Windward
Israeli maritime AI company tracking sanctions evasion, AIS spoofing, and shadow fleet movements globally.
Last refreshed: 30 March 2026 · Appears in 2 active topics
Can a private Israeli analytics firm’s data reliably drive EU sanctions against Russian shipping?
Latest on Windward
- What is Windward?
- Windward is an Israeli maritime AI analytics company, founded in 2011 and listed on the London Stock Exchange. It uses AIS data, satellite imagery, and machine learning to detect sanctions evasion, AIS spoofing, and shadow fleet activity globally.Source: Windward
- How does Windward track shadow fleet ships?
- Windward fuses AIS vessel-tracking signals, satellite imagery, and behavioural models to identify ships that have switched flags, disabled transponders, or engaged in ship-to-ship transfers. It documented that Sovcomflot reflagged 56% of its fleet to Russia’s own registry as of March 2026.Source: Windward
- What AIS jamming did Windward find in the Persian Gulf?
- On 5 March 2026, Windward identified 92 AIS denial zones and 44 GPS jamming zones across the Persian Gulf, charting the full scale of Iran’s electronic-warfare disruption to commercial navigation during the Iran conflict.Source: Windward
- How does Windward compare to TankerTrackers.com?
- Windward and TankerTrackers.com both track vessel movements, but Windward focuses on AI-driven behavioural analytics and sanctions compliance at an institutional scale, while TankerTrackers specialises in satellite-based cargo and flow estimates. Both provided data during the 2026 Iran and Russia-Ukraine conflicts.Source: Windward
- Is Windward data used by governments for sanctions?
- Yes. The EU’s March 2026 shadow-fleet sanctions package explicitly drew on Windward’s registry analysis, which showed Sovcomflot had reflagged 56% of its fleet. EU High Representative Kaja Kallas cited this kind of maritime intelligence as the basis for targeting shipowners and registries, not just vessels.Source: EU / Windward
Background
Windward is an Israeli maritime intelligence company founded in 2011 by Ami Daniel and Matan Peled, listed on the London Stock Exchange since 2021. Its platform fuses AIS vessel-tracking data, satellite imagery, and machine-learning behavioural models to flag sanctions evasion, illicit ship-to-ship transfers, and anomalous vessel behaviour at scale.

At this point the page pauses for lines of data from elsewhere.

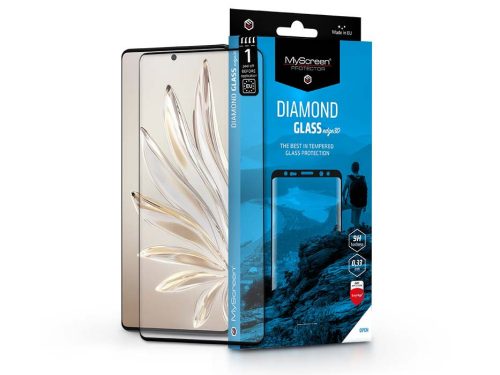 Honor 70 5G edzett üveg képernyővédő fólia ívelt kijelzőhöz - MyScreen          ProtectorDiamond Glass Edge3D - fekete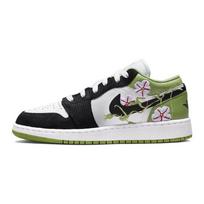 Jordan Kids Air Jordan 1 Low SE  Floral  Sneakers DQ8389-100 40 black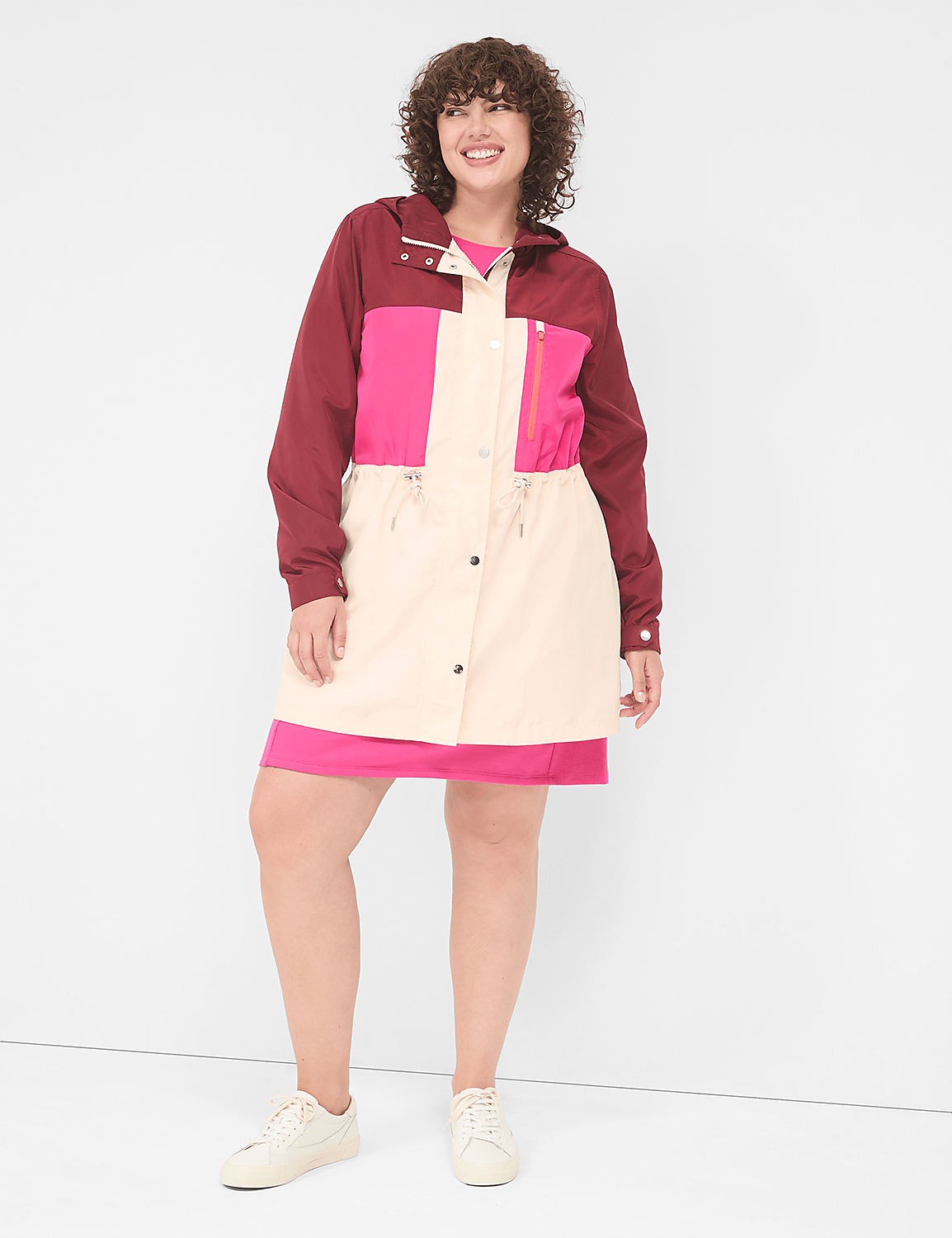 LIVI Full-Zip Water-Resistant Anorak Jacket Product Image 4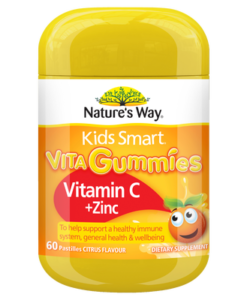 Kẹo dẻo Nature's Way Kids Smart Vita Gummies Vitamin C + Zinc tăng đề kháng cho trẻ em từ 2 tuổi, 60 viên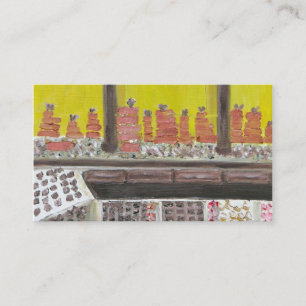 PARIS CHOCOLATES BUSINESS CARD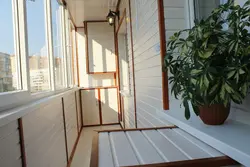 Finishing the loggia on a budget photo options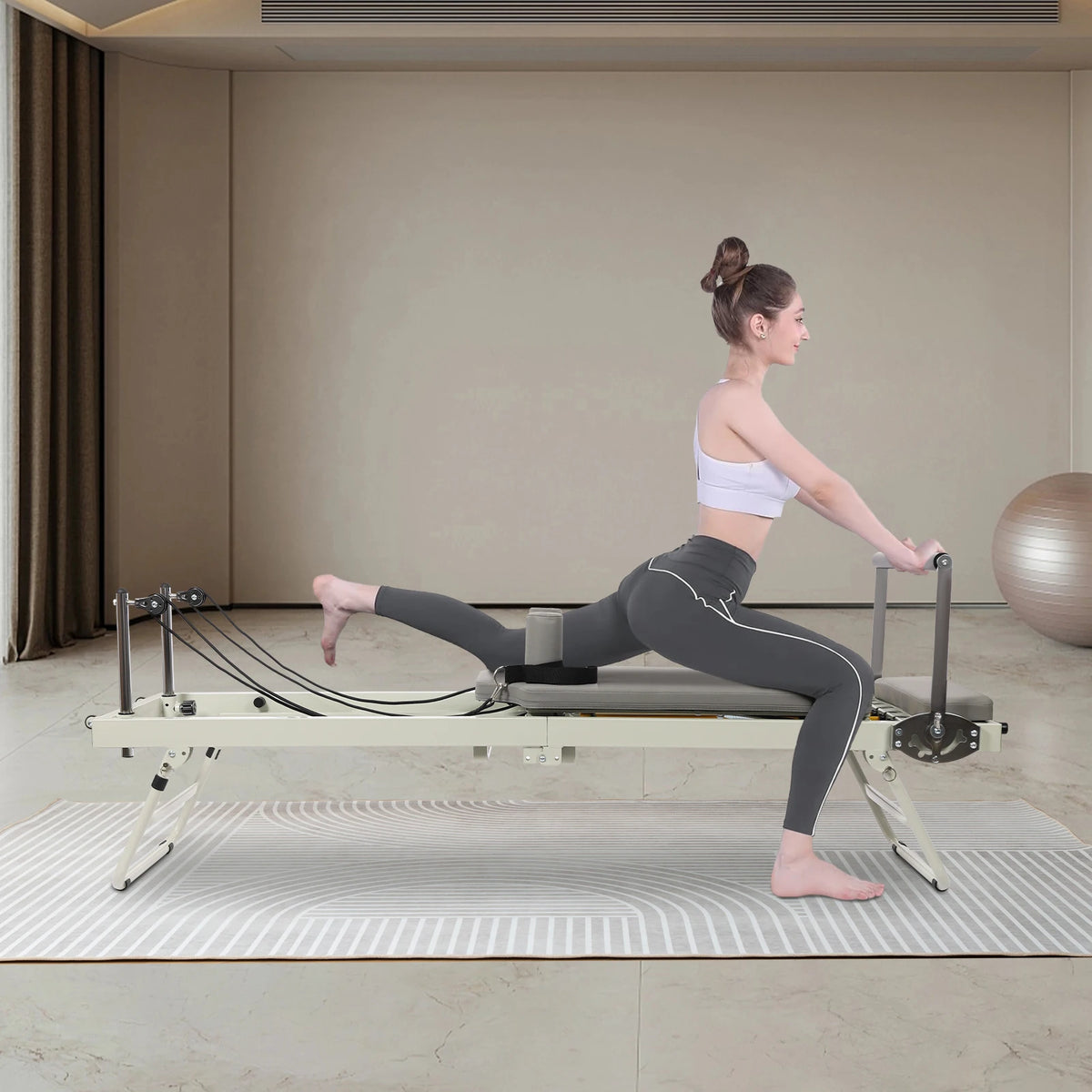 Multifunction Steel Pilates Reformer With Spring Resistance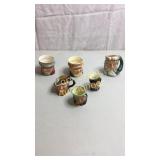 Hand Painted Head mugs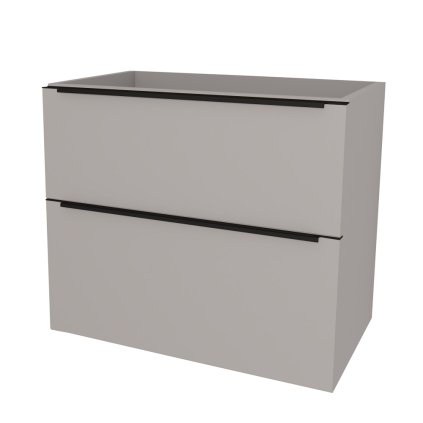 Mereo Mailo, kúpeľňová skrinka 61 cm, čierne madlo, Multidecor, Arktická sivá, MER-CN590SBARS1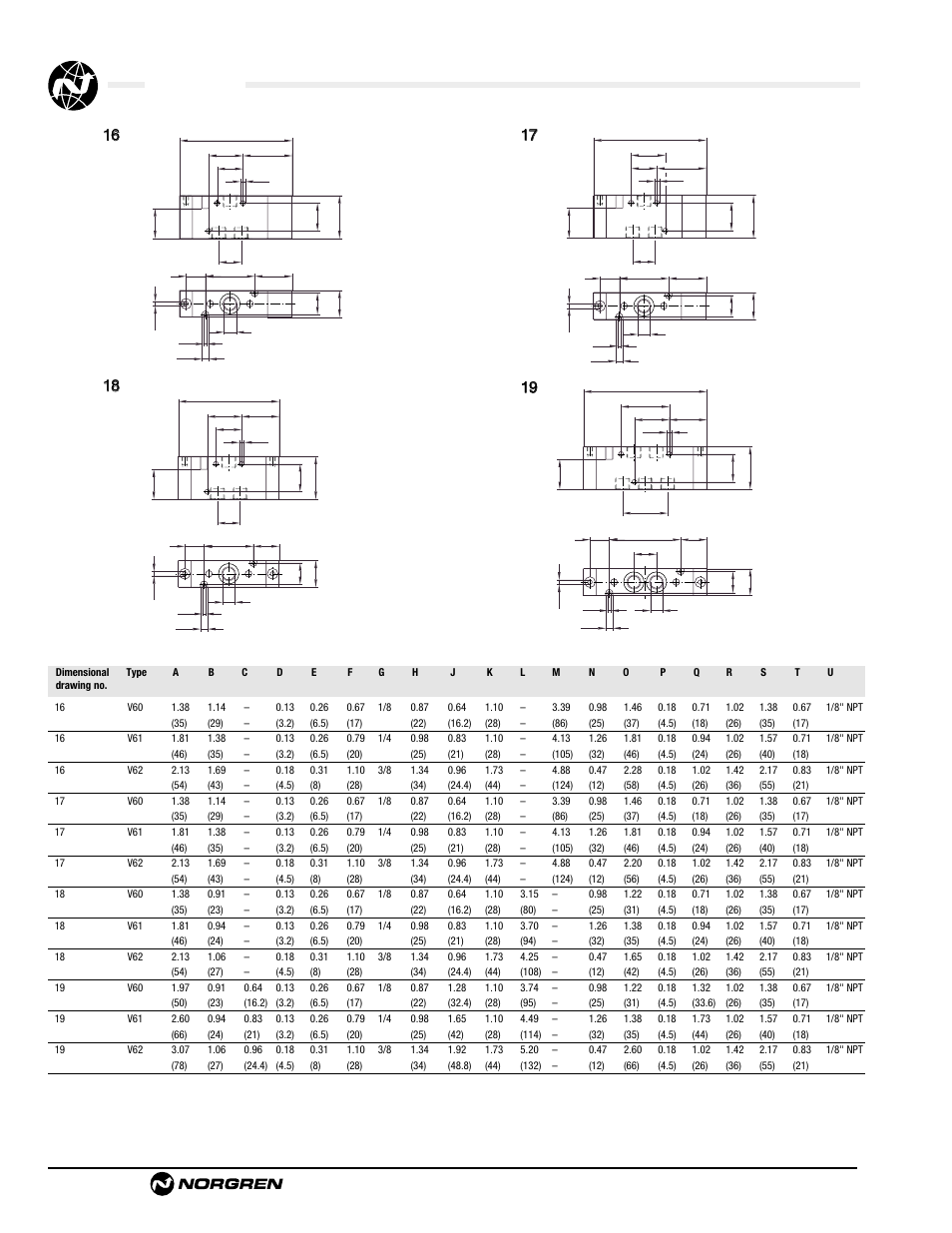 V60 series, Val-3-12 | Norgren V62 Series Directional Control Valves Datasheets User Manual | Page 12 / 17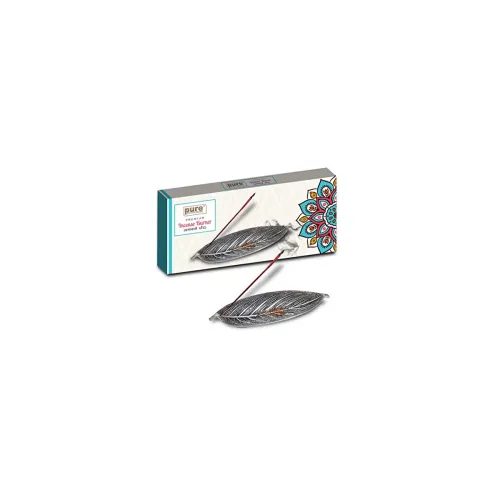 Image of Pure Source India Aluminum Incense Holder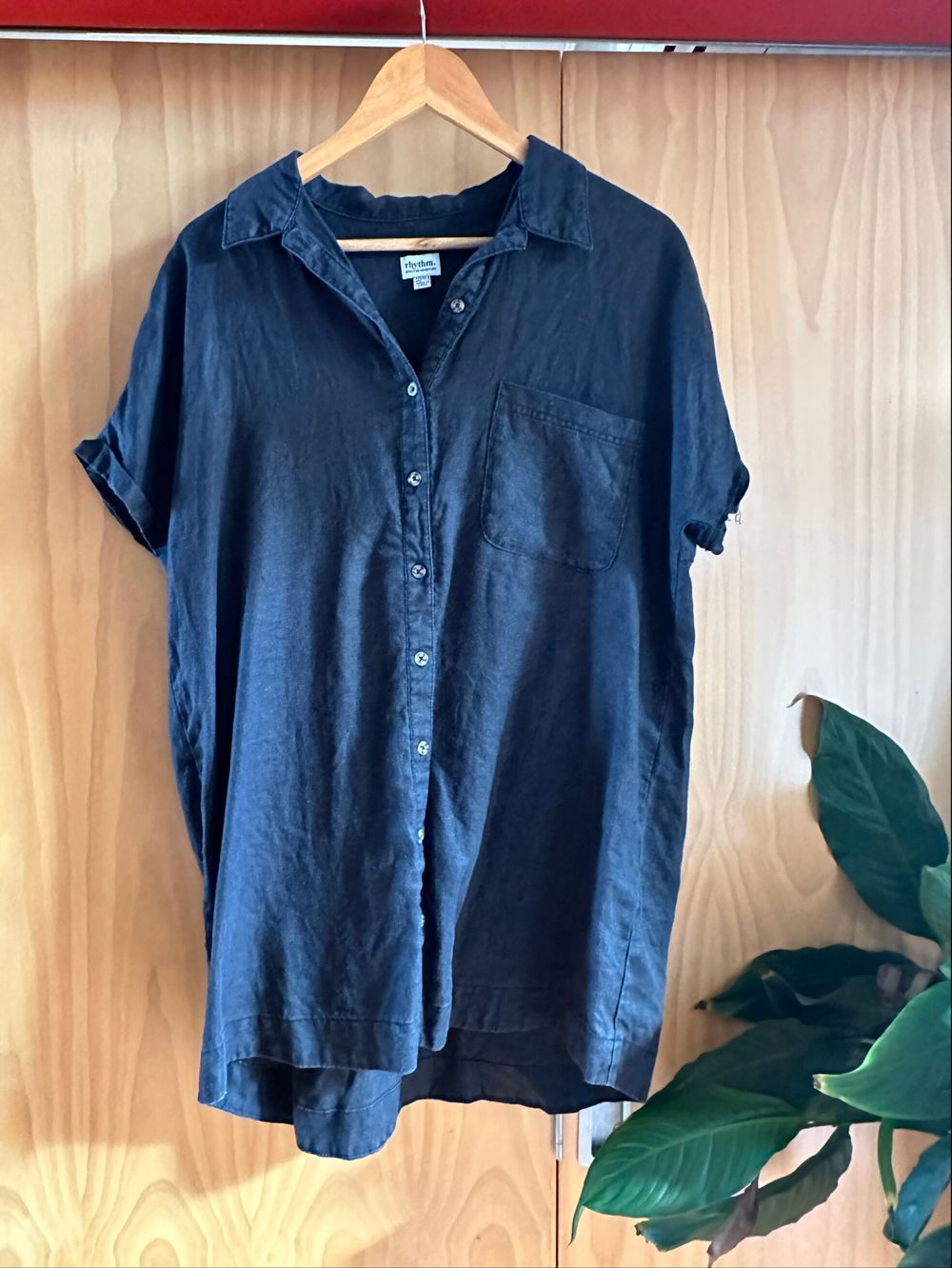 Rhythm Linen Shirt Dress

Across both active conflicts Windward covers, its data has become primary evidence for policymakers. In the Persian Gulf, the company identified 92 AIS denial zones and 44 GPS jamming zones as of 5 March 2026, mapping the electronic warfare environment strangling commercial navigation. In the Russia-Ukraine war, Windward’s registry analysis documented that Sovcomflot had reflagged 56% of its fleet to Russia’s own registry, supplying the evidentiary backbone for the EU’s March 2026 shadow-fleet sanctions package.
Windward occupies an unusual position: a private company whose commercial intelligence product directly shapes sanctions enforcement and conflict reporting. Its data appears in EU policy documents, news wires, and government briefings simultaneously, raising questions about accountability, methodology transparency, and the role of for-profit maritime analytics in determining which ships are targeted.